4.2 The joint venture shall commence from the date of the JVSA and shall continue to be effective unless terminated in accordance with the provisions in the JVSA.
4.3 The JVCo shall have an equity shareholding structure of TEB: 60% and NOVA: 40% (“Respective Proportions”) during the entire duration of the JVSA. The shares to be held by the Parties in the JVCO will be as follows:
Shareholder | No. of shares | Amount (RM) | Shareholding Percentage (%) |
TEB | 60,000,000 | 9,000,000 | 60 |
NOVA | 40,000,000 | 6,000,000 | 40 |
Total | 100,000,000 | 15,000,000 | 100 |
Any new shares shall be first offered to each of the shareholders in their Respective Proportions and if any shareholder fails to subscribe, its shareholding in the JVCo will be diluted and the other shareholder may subscribe for such new shares.
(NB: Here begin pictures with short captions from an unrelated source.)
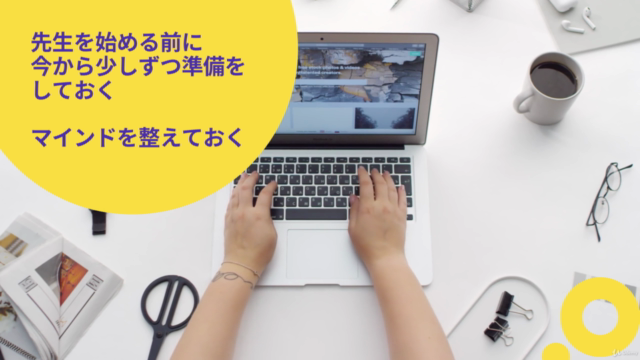 どうしたら保護者とこどもの信頼を勝ち取ることができるのか(先生入門講座) – Screenshot 2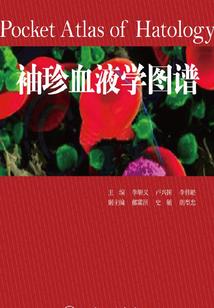 乐小米的故事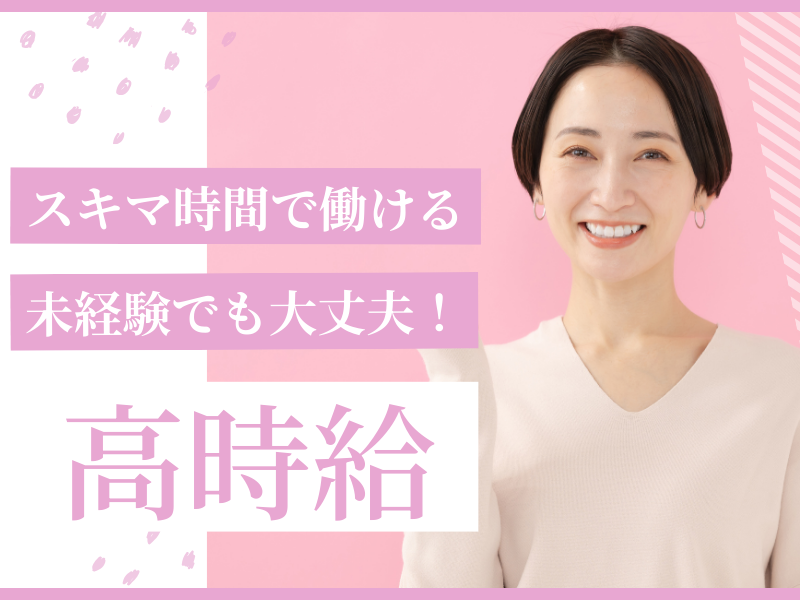 【午前スタート!ショートタイム♪】カフェテリア&保育所あり◎契約者サポートに関するチャット事務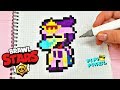 СЭНДИ из ИГРЫ BRAWL STARS РИСУНКИ ПО КЛЕТОЧКАМ -PIXEL ART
The cash contribution by TEB would be made in stages upon the requirement by the Board of Directors of the JVCo based on the JVCo’s business plan. NOVA’s capital contribution shall be made through the transfer of NOVA’s IP for the Malaysian region and shall be made upon requirement of equity capitalization for the purpose of execution of the Project and formalization of transfers to the JVCo.
4.4 The board of the JVCo shall comprise a maximum of 5 directors, TEB shall be entitled to appoint up to 3 directors and NOVA up to 2 directors. The chairman of the board of the JVCo shall be from TEB directors. Except for directors reserved matters, the decisions of the board shall be based on simple majority of votes of the directors present.
4.5 The directors reserved matters can only be passed with the unanimous decision of the directors.
4.6 The quorum at any general meeting is at least 2 shareholders, i.e. both TEB and NOVA. Members’ resolution shall be passed by simple majority except for where a majority of not less than 75% is prescribed by the Companies Act 2016.
5. RISK FACTORS
NOVA does not foresee any exceptional risk other than operational risk associated with the proposed JV Co which are similar to the operational risks that NOVA is already accustomed to. Hence the Board believes that the experience and expertise of its management team will enable the Group to mitigate these risks effectively.
6. EFFECTS OF THE JOINT VENTURE
The Joint Venture has no effect on the issued and paid-up share capital and the substantial shareholders’ shareholding of NOVA.
The JV Co will become a 40% owned company of NOVA. In the event the JVCo is awarded any project(s), then barring any unforeseen circumstances, the JVCo is expected to contribute positively to NOVA Group consolidated earnings and earnings per share in the future arising from any profits derived from the project(s).
7. DIRECTORS’ AND SUBSTANTIAL SHAREHOLDERS’ INTERESTS
None of the Directors and/or substantial shareholders of NOVA and/or persons connected with such Directors or substantial shareholders have any interest, either directly or indirectly, in the Joint Venture.
8. APPROVALS REQUIRED
The Joint Venture does not require the approval of the shareholders of NOVA or any authority.
9. STATEMENT BY DIRECTORS
The Board of Directors of NOVA is of the opinion that the Joint Venture is in the best interest of NOVA.